三井環●検察の大罪――裏金隠しが生んだ政権との黒い癒着
* 詐欺などの前科12犯である詐欺師、渡真利を巧みに利用した。取り調べを担当した検事は、本年(平成22年)4月まで大阪地検特捜部長だった大坪弘道検事(現京都地検次席検事)である。〔…〕 渡真利が第三者に語ったところによると、大坪検事が、 「部長(三井)の首を取れば、おまえは有名人になって認められるから協力しろ。検察に恩を売っとけば、その見返りもあろうが」 と持ちかけたと言われる。 渡真利はその期待に見事に応えた。〔…〕 渡真利は、山健組の桑田組長が保釈とならないので、大坪弘道検事に文句を言ったという。大坪検事からは、 「『考える』と言ったが、『保釈する』とは言っていない。それよりヤクザに狙われているから、お前の命を守ってやる」 と言って、丸め込まれたらしい。このことは私の担当弁護人から聞いた話だから、間違いない。〔…〕 |
●検察の大罪――裏金隠しが生んだ政権との黒い癒着|三井環|講談社|ISBN:9784062164504|2010年07月|評=○
<キャッチコピー>
元・辣腕検事が人生をかけて問う、検察の闇と欺瞞。裏金告発する者をでっちあげ逮捕する、恐るべき権力濫用。自民党政権への弱みと、その後の政治事件での大暴走。究極の犯罪を犯した検察に、明日はあるのか?─検察の大罪を白日の下にさらけ出す。
<memo>
「郵政不正事件」は、証拠品のフロッピーディスク(FD)を改ざんした “大阪地検特捜部のエース”前田恒彦検事逮捕という新たな事件を生む展開を見せた。わたしの興味は、その前田検事の上司だった大坪弘道特捜部長(現・京都地検次席検事)の最高検による取り調べにある。

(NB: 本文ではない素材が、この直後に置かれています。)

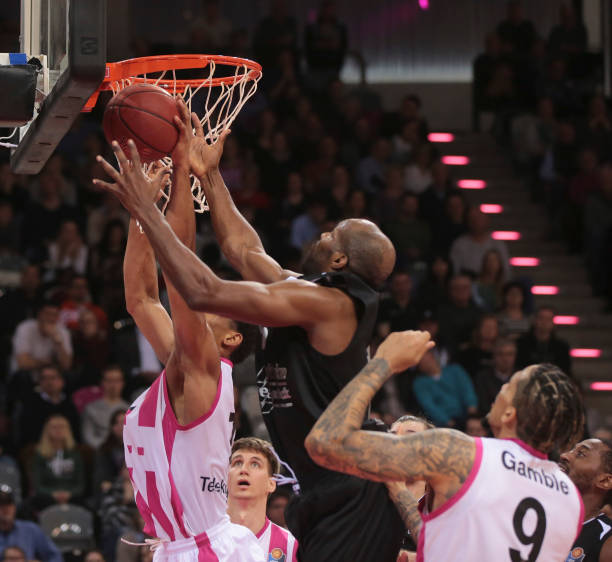 并在比赛的 并在比赛的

大阪地検特捜部といえば忘れられないのが、2002年4月に大阪高検の三井環公安部長が詐欺容疑で逮捕され、懲戒免職となった事件である。三井環部長は「法務検察の組織的な裏金づくり」問題を告発しようとテレビ朝日「ザ・スクープ」収録の3時間前、大阪地検特捜部に、過去に一度も立件されたことがないような微罪で逮捕され起訴された。

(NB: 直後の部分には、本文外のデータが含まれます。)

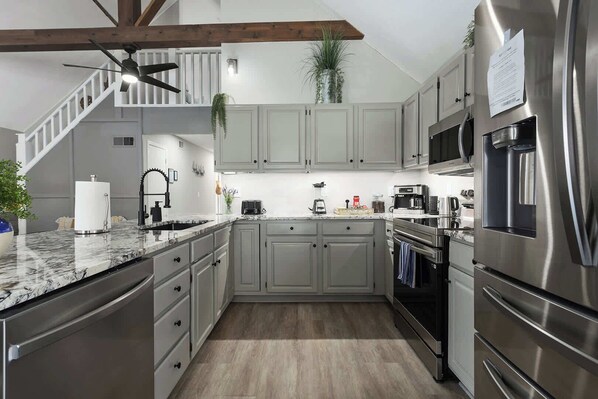 Een koelkast, een microgolfoven, een oven, een kookplaat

上掲のように、取り調べたのは大坪弘道検事であり、検察による口封じであると批判して冤罪を主張したのは本書の著者である三井環である。当時、わたしは検察によるメディア・コントロールの恐ろしさを「噂の真相」を通じて知った。
最高検・高検・地検幹部たちの命取りとなる裏金疑惑の口封じに尽力した大坪弘道京都地検次席検事を“功労者”として今回の証拠品改ざんに無関係とするのか、それとも新たな検察を揺るがす大事件の責任者として“トカゲの尻尾切り”されるのか、まことに興味深い。

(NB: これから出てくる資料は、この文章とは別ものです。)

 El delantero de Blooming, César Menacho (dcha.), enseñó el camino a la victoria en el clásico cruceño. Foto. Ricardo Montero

大坪弘道京都地検次席検事は、神戸地検特別刑事部時代の2006年4月には、村岡功神戸市議汚職事件の捜査を指揮した。大坪検事はここ数年もっぱら石井一議員関連の捜査を行っていた。そのねらいはいい。そして大阪地検特捜部長に就任時、――「つぼやんは一流の割り屋だ」。かつての同僚や上司は愛称を交えてそう話す。口を閉ざす容疑者から供述を得る技術を「神業」とまで評する。「捜査はやるかやられるか、戦いである」。「どれだけ強い意志で捜査に臨むか。容疑者に負けてしっぽまいて帰ってくるようなやつは許さない」。部下への訓示も熱い。……と紹介されていた。逮捕された“大阪地検特捜部のエース”前田恒彦検事も同じように“一流の割り屋”といわれていた。そして大坪弘道京都地検次席検事は、その部下を私の“右腕”だと広言していた。
なお、2010年10月1日付け報道によれば、大坪弘道前部長と佐賀元明前副部長(現・神戸地検特別刑事部長)を犯人隠避容疑で逮捕する方針を最高検は固めたという。
大阪地検の小林敬検事正や当時の玉井英章次席検事(現・大阪高検次席検事)まで及ぶかどうかで、法務検察の本気度が分かるだろう。